NATIONAL REPORT — Now in its eighth year, the Convenience Store News Top Women in Convenience (TWIC) awards program has recognized more than 300 of the best and brightest women making a positive impact on not only the companies they work for, but also the entire convenience retail channel.
TWIC is the only program that recognizes exceptional female leaders, rising stars and mentors among retailer, supplier and distributor firms in the convenience store industry, from the C-suite to the store level to the independent entrepreneur.
In TWIC Talk, our quarterly Q&A series, we interview a past TWIC winner about what it's like to be a female leader in the convenience store industry today — the opportunities, the challenges — and get their words of wisdom for up-and-comers seeking to blaze their own trail.
This month’s TWIC Talk subject is Jayne Rice, managing director and director of institutional sales, marketing and investor relations for Brookwood Financial Partners LLC, the private equity firm behind Yesway convenience stores. Rice is a member of Brookwood’s and Yesway’s Executive and Investment Committees. In 2019, she was one of the five women celebrated by TWIC as Women of the Year.
CSNews: How would you describe the current state of affairs for gender equality in the convenience store industry? How does this compare to 10 years ago?
I would say the current state of affairs for gender equality in the c-store industry is mixed. I have not been in the industry that long, but what I have observed is very encouraging. I know Yesway is committed to ensuring that gender is irrelevant when it comes to promotions, hiring or compensation. It does not impact our decision making.
However, given the historical evolution of this industry being predominantly male, the senior positions across most firms are still held by men. And their way of doing business — on the golf course, over drinks at NACS, or even on hunting trips — is both habitual and successful. It is sometimes hard for women to break into or feel comfortable in those environments, and our way of networking and building relationships often differ. As women continue to take on a larger percentage of senior executive c-store roles, the way in which business is conducted, including how relationships are formed and leveraged, will also continue to evolve.
CSNews: What is the most positive change you have personally witnessed?
I have been impressed by the Top Women in Convenience recognition events, and believe the work of this group is making a meaningful impact on the role and prevalence of women in the c-store industry. I was honored to be recognized, and what has been terrific to see is the continued outreach being made to all of the women who have been part of this initiative. TWIC is continually soliciting our opinions, publishing our stories, and enabling our voices to be heard. That is inspirational, not only for the women being recognized, but for all of the other women working hard in this industry who now have a growing group of mentors and role models to help support their careers.
CSNews: Along your career path, did you personally experience gender bias or inequality? If so, how did you overcome?
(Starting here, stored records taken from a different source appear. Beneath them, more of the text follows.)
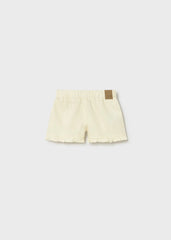 Short Volantes Bolsillos Beige Mayoral ESTILO 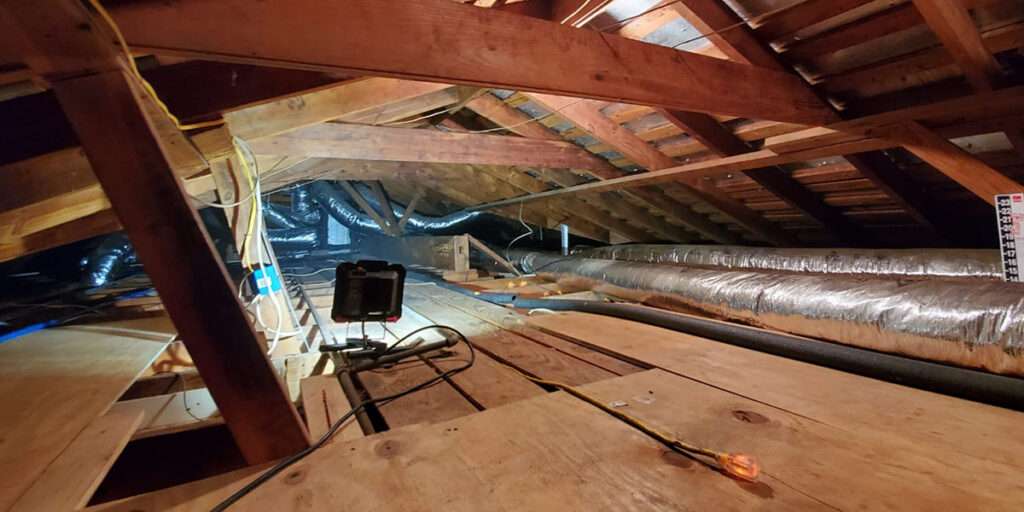 Attic Cleaning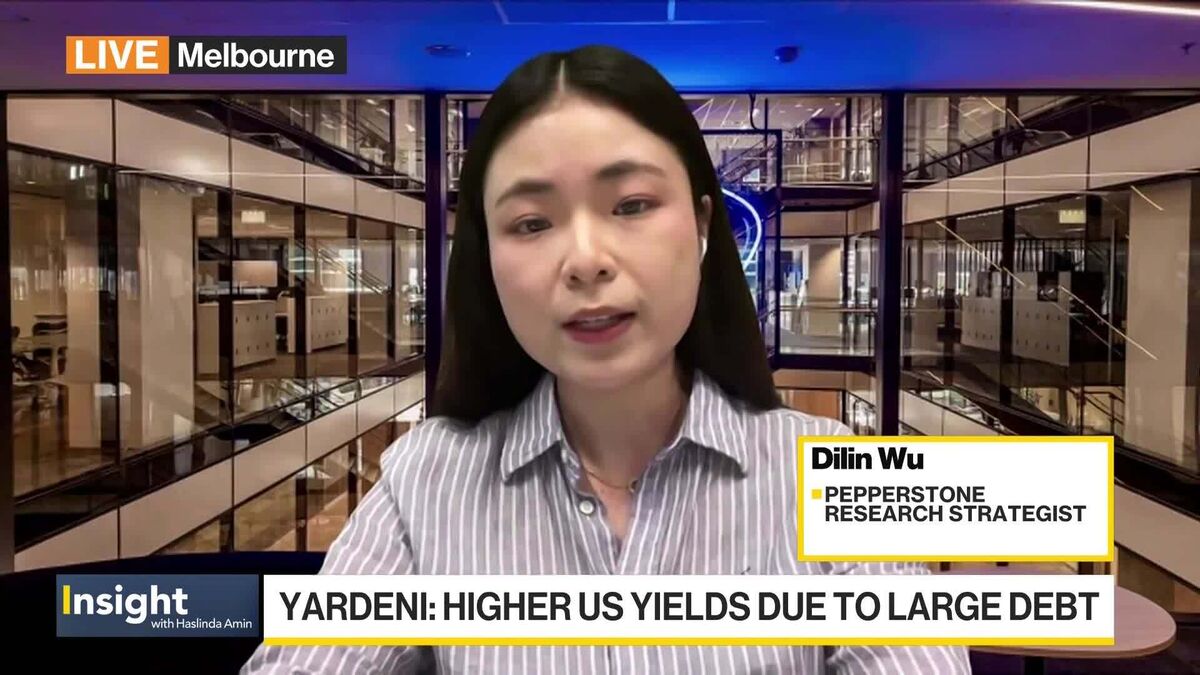⚫️ BLOOMBERG: "Potenziale di Crescita delle Azioni Cinesi: Dilin Wu di Pepperstone su Bloomberg TV"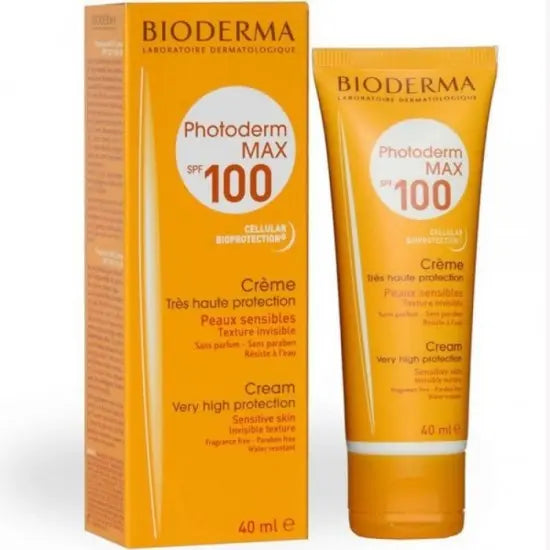 Bioderma Photoderm Max SPF 100 Tinted Sun Cream 40ml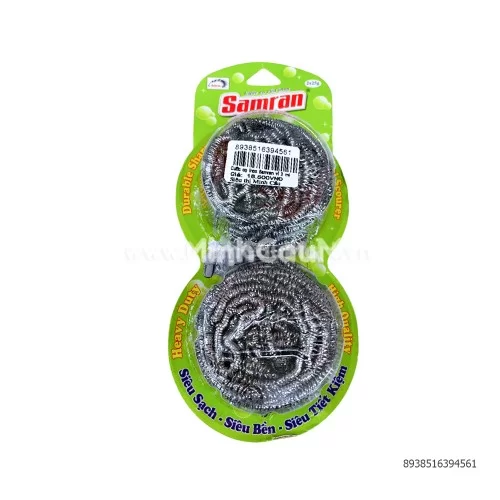 Cước cọ inox vỉ 2 cái Cước cọ inox vỉ 2 cái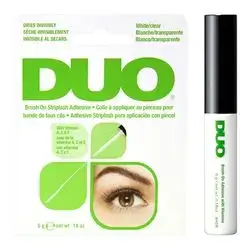 DUO white eyelashe glue 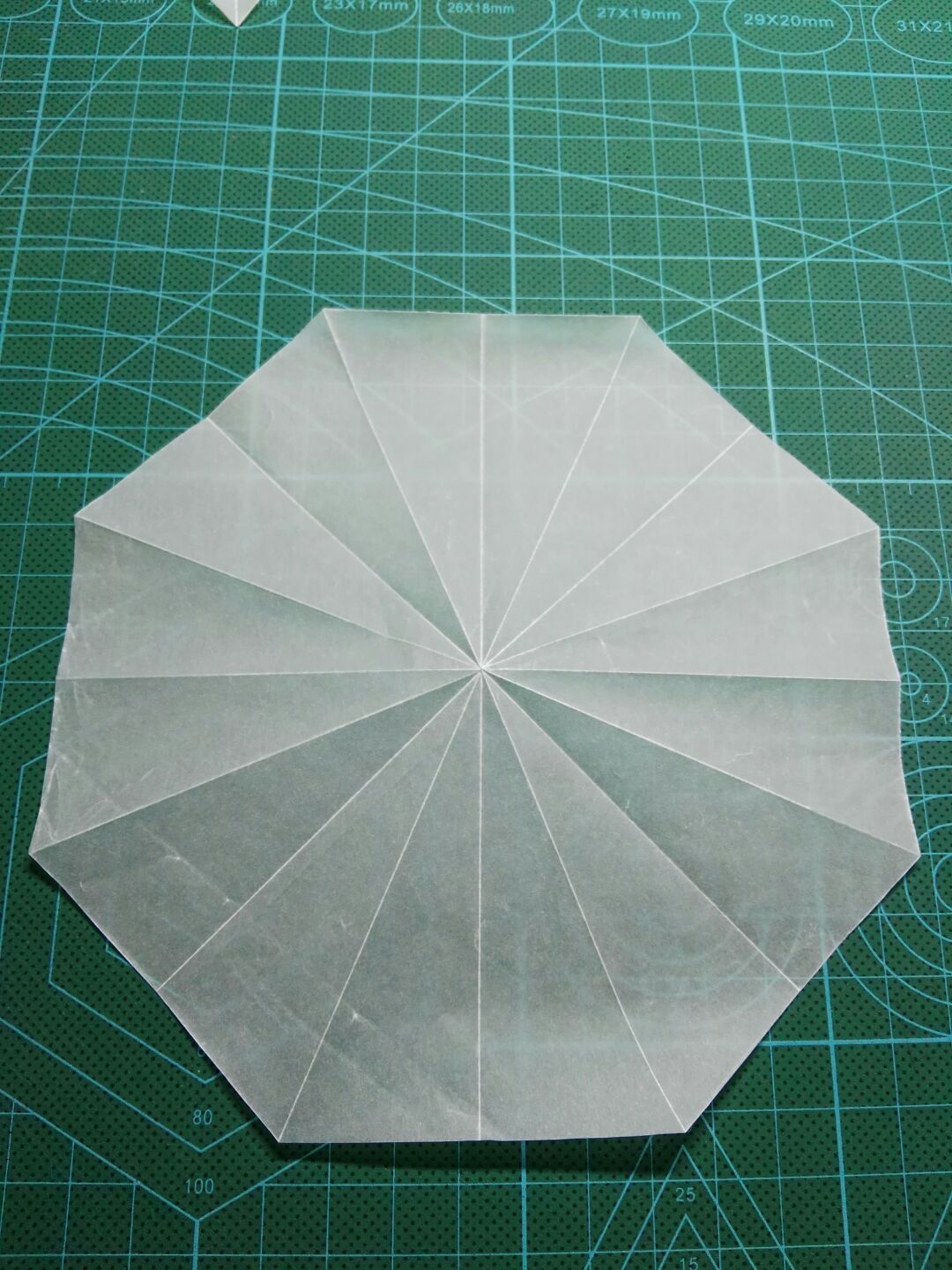 神谷钻石折纸 第6步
Of course, yes; especially given that most of my career has been spent in male-dominated industries. I know few women who would say otherwise.
I am comfortable in challenging environments. I think, in part, because I grew up as an athlete, have three older brothers who were all athletes, and learned how to take setbacks in stride. I am comfortable competing, and have also had some success using my gender difference to my advantage. I can say unequivocally, however, that this is not the environment at Brookwood or Yesway, where there are many women in senior positions. Their voices and opinions matter and are valued.
I have always been involved in and heavily supportive of organizations that support women in business, not only for networking purposes and to help develop my own career, but also to help with the development and support of other women’s career paths.
CSNews: What barriers to advancement do you see still existing in the c-store industry?
I do not see barriers. What I do see is a really dynamic industry that is changing rapidly and full of opportunity. For example, what seems like just a few years ago, there was a very funny commercial that highlighted how buying sushi at a gas station was a bad idea. Now, you can actually buy very good sushi and all kinds of other fresh, award-wining food at gas stations. As the industry continues to evolve, so too will its related opportunities, and with that will come new voices that will lead this sector going forward. It is no longer an industry that does not cater to women.
There will continue to be an even greater need for women’s voices at the senior levels of the industry to better understand how to meet this consumer base that maybe in the past had been underrepresented. On the Yesway executive team: Ericka Ayles, who was recognized as a TWIC Senior-Level Leader, is chief financial officer; Jen Fermano serves as senior vice president of finance, and was recognized as a TWIC Senior-Level Leader; and Lisa Ham, Yesway’s senior category manager of center store and beer, was a TWIC Rising Star.
CSNews: What is your advice for other industry women looking to rise to higher ranks?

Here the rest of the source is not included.